[Provided records Boundary: Start]
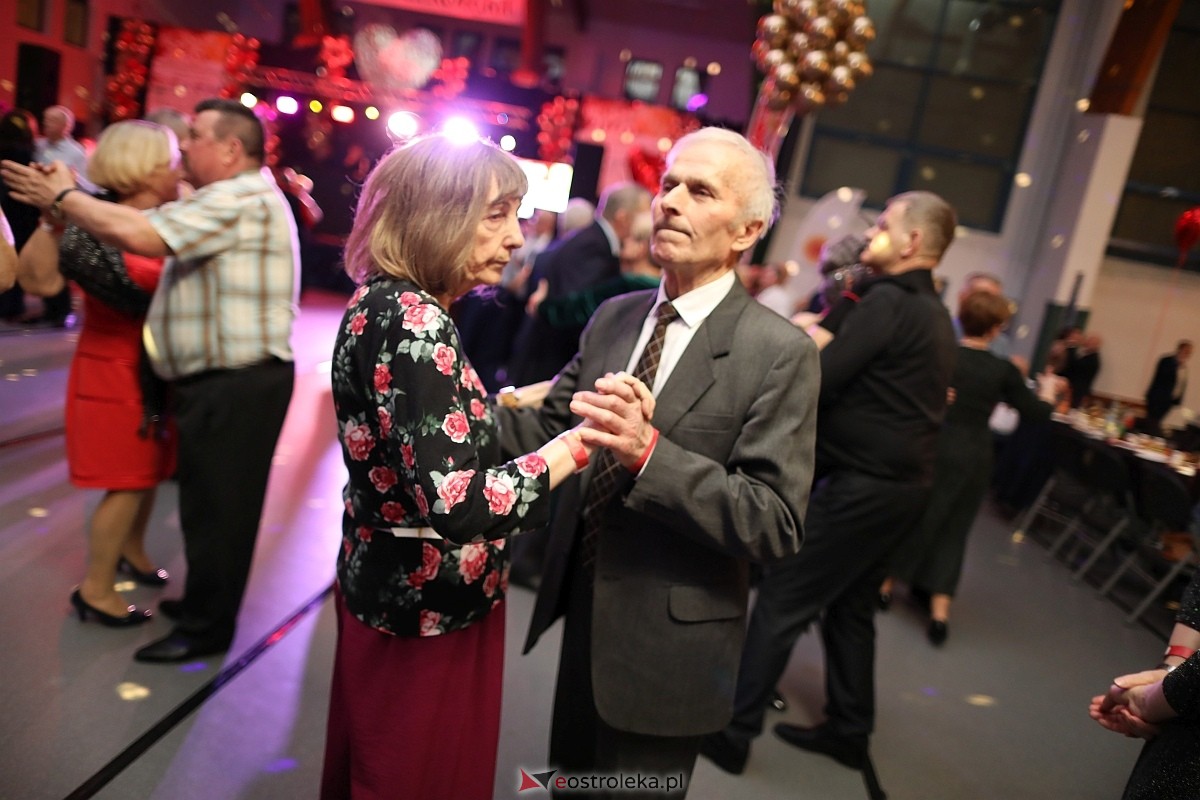 Walentynkowy Bal Seniora [14.02.2026] - zdjęcie #45 - eOstroleka.pl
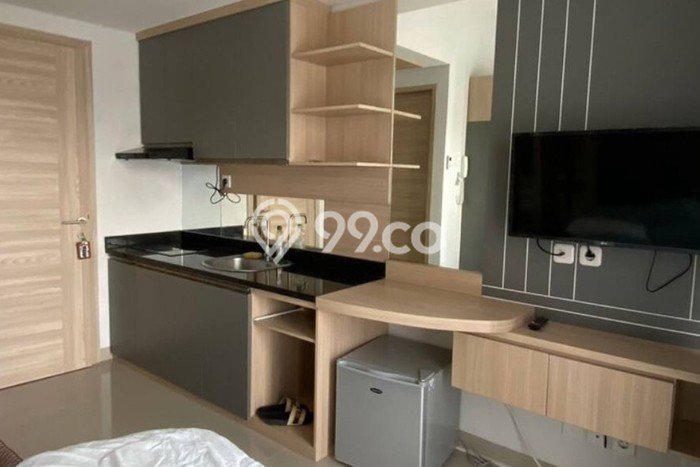 Apartemen di , 1 KM, Luas 22m2m² Apartemen di , 1 KM, Luas 22m2m²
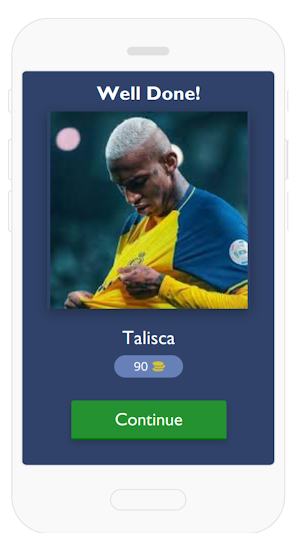 Al Nassr Quiz Screenshot 3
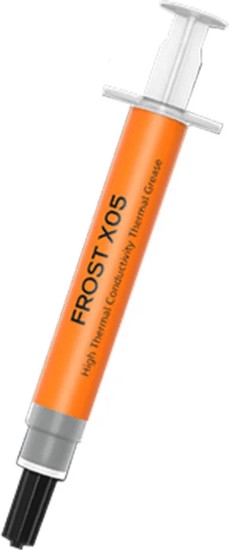 ID Cooling FROST X05 Hővezető paszta (5g) ID Cooling FROST X05 Hővezető paszta (5g)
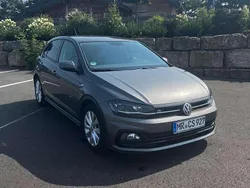 Grau Gebraucht 2019 VW Polo Highline Limousine | 15.900 € (Fairer Preis)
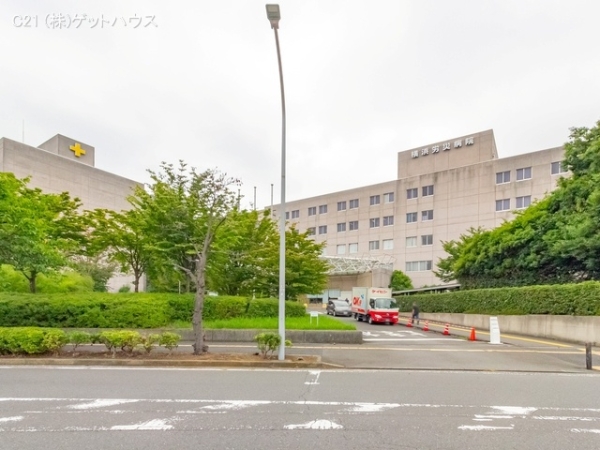 クリオ新横浜弐番館(横浜労災病院)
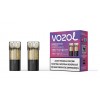 Set 2 Cartuse cu nicotina Vozol Switch Pro 800 Pufuri Aroma Mixed Berries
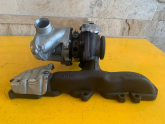 Vw Golf Turbo çıkma orj. 813860-0003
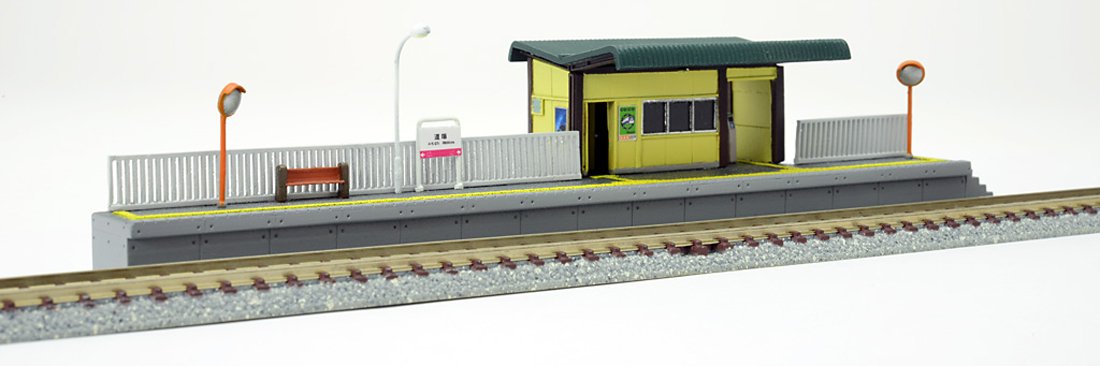Tomytec Geocolle Building Collection 138-2 Diorama Station G2 Supplies- Japan Figure Store - #1 Bring To You The Best Japanese Goods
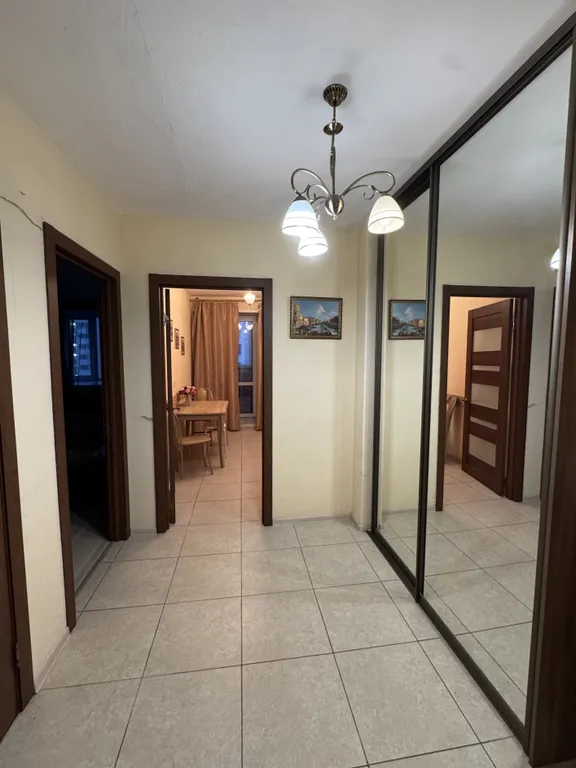 1-комнатнатная квартира ЖК "Парк Университет"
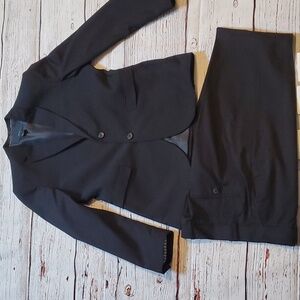 H&M MEN'S BLACK SUIT 🖤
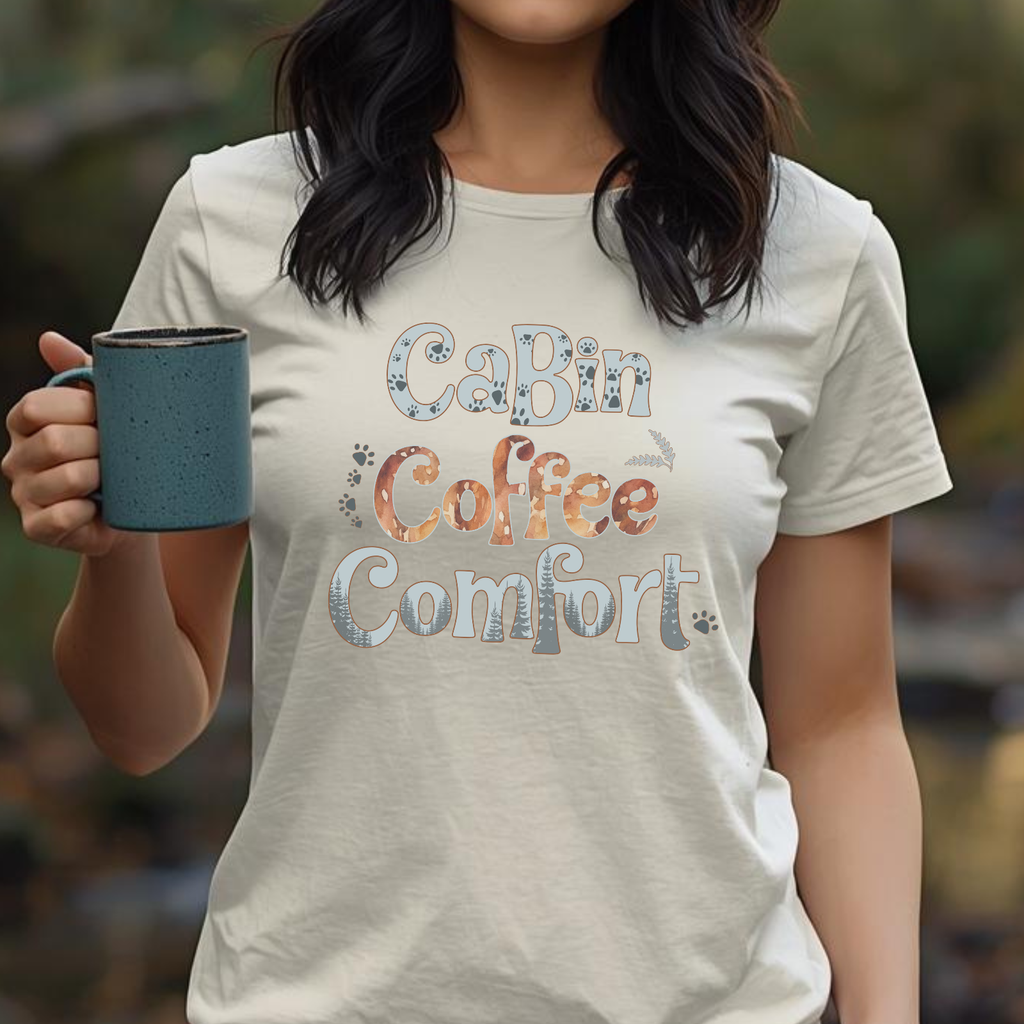 Coffee Comfort T-Shirt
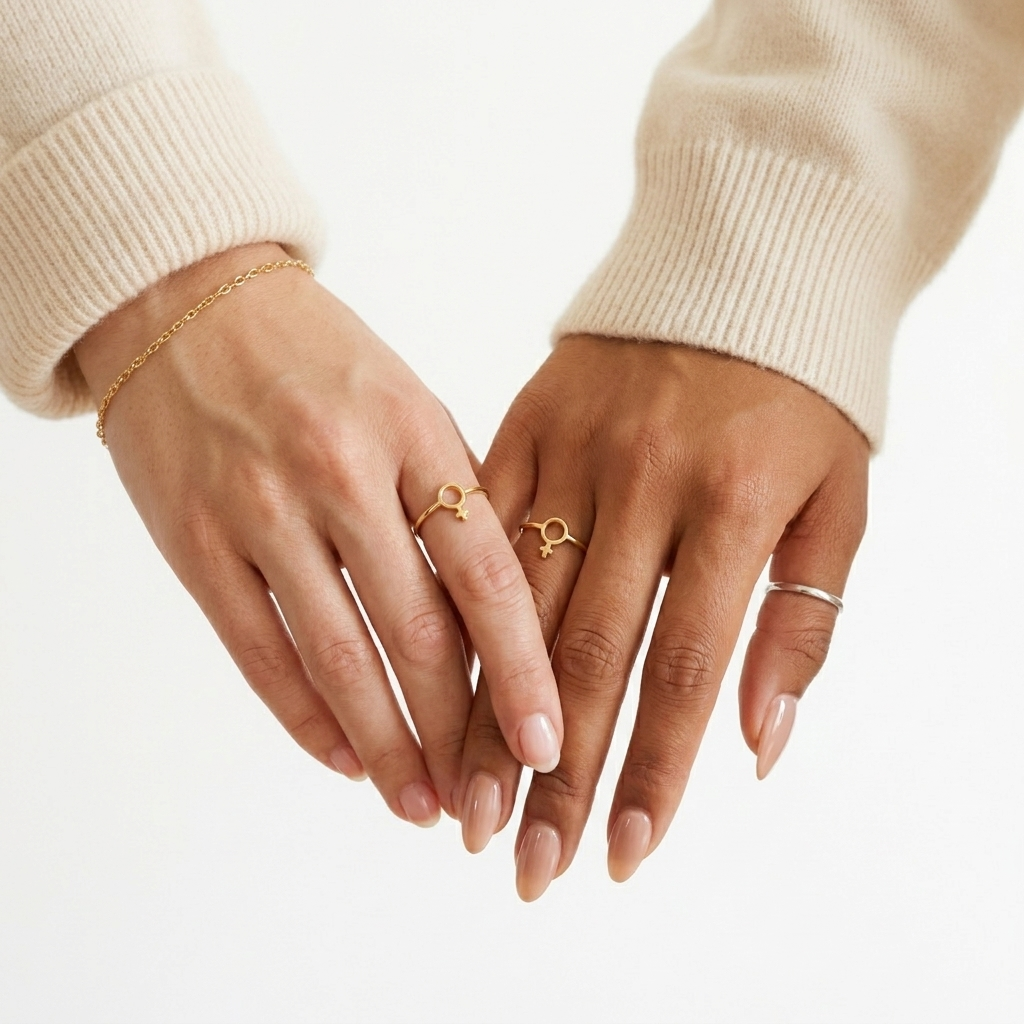 Venus Love Ring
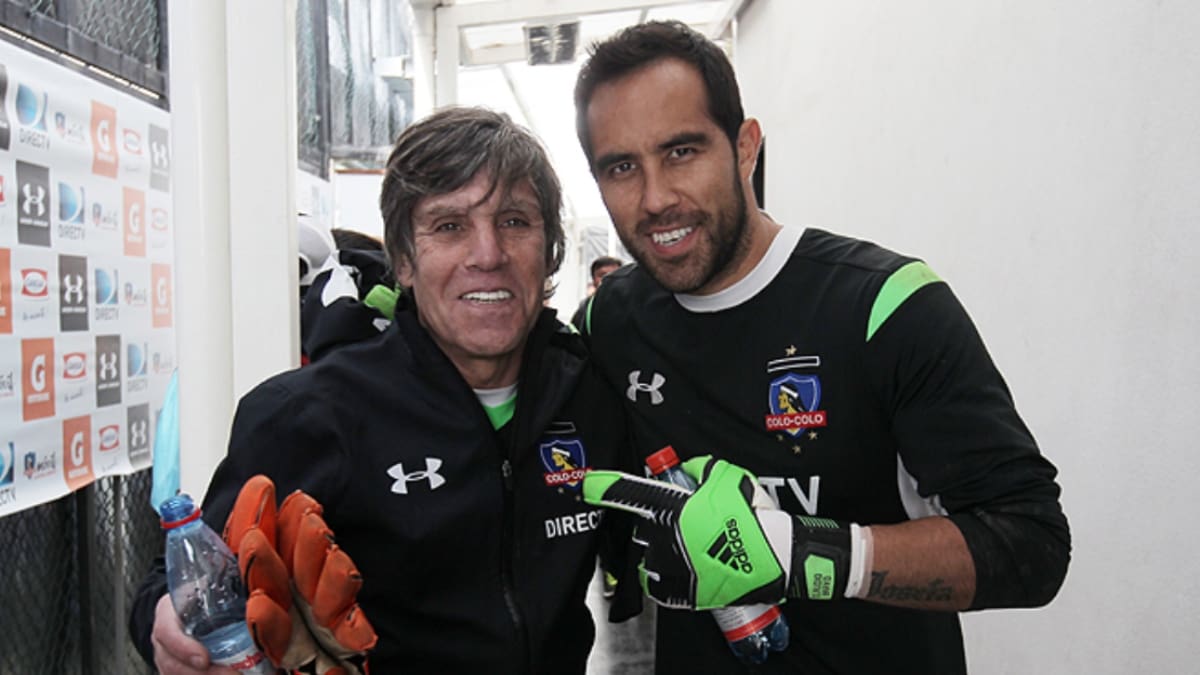 Guarello destapa la razón por la que Claudio Bravo se distanció de Julio Rodríguez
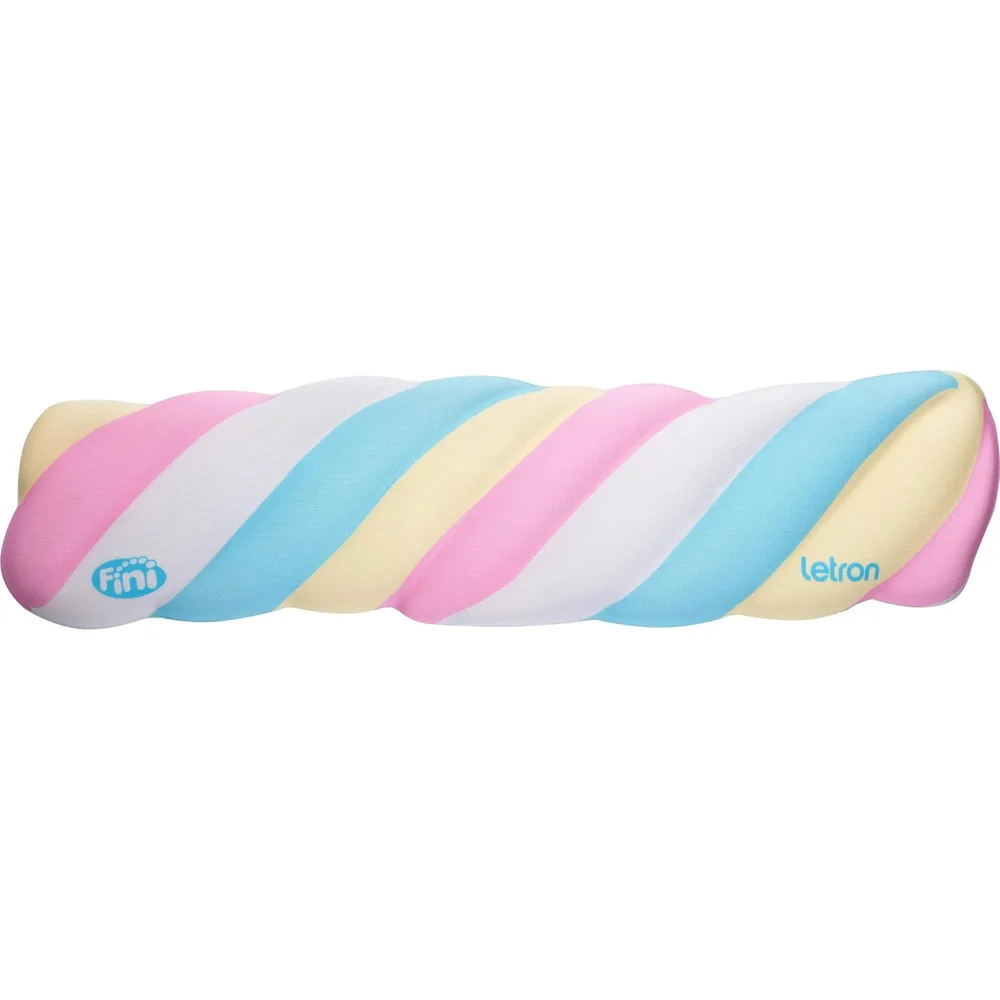 Imagem 4 de 5 do produto Apoio Ergonômico Para Pulso Letron Marshmellow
[Provided records Boundary: End]
**Your assignment:**
The data above must be reproduced exactly, without any of its pictures.

**Exercise output:**
 Walentynkowy Bal Seniora [14.02.2026] - zdjęcie #45 - eOstroleka.pl
 Apartemen di , 1 KM, Luas 22m2m² Apartemen di , 1 KM, Luas 22m2m²
 Al Nassr Quiz Screenshot 3
 ID Cooling FROST X05 Hővezető paszta (5g) ID Cooling FROST X05 Hővezető paszta (5g)
 Grau Gebraucht 2019 VW Polo Highline Limousine | 15.900 € (Fairer Preis)
 クリオ新横浜弐番館(横浜労災病院)
 Set 2 Cartuse cu nicotina Vozol Switch Pro 800 Pufuri Aroma Mixed Berries
 Vw Golf Turbo çıkma orj. 813860-0003
Tomytec Geocolle Building Collection 138-2 Diorama Station G2 Supplies- Japan Figure Store - #1 Bring To You The Best Japanese Goods
 1-комнатнатная квартира ЖК "Парк Университет"
 H&M MEN'S BLACK SUIT 🖤
 Coffee Comfort T-Shirt
 Venus Love Ring
 Guarello destapa la razón por la que Claudio Bravo se distanció de Julio Rodríguez
 Imagem 4 de 5 do produto Apoio Ergonômico Para Pulso Letron Marshmellow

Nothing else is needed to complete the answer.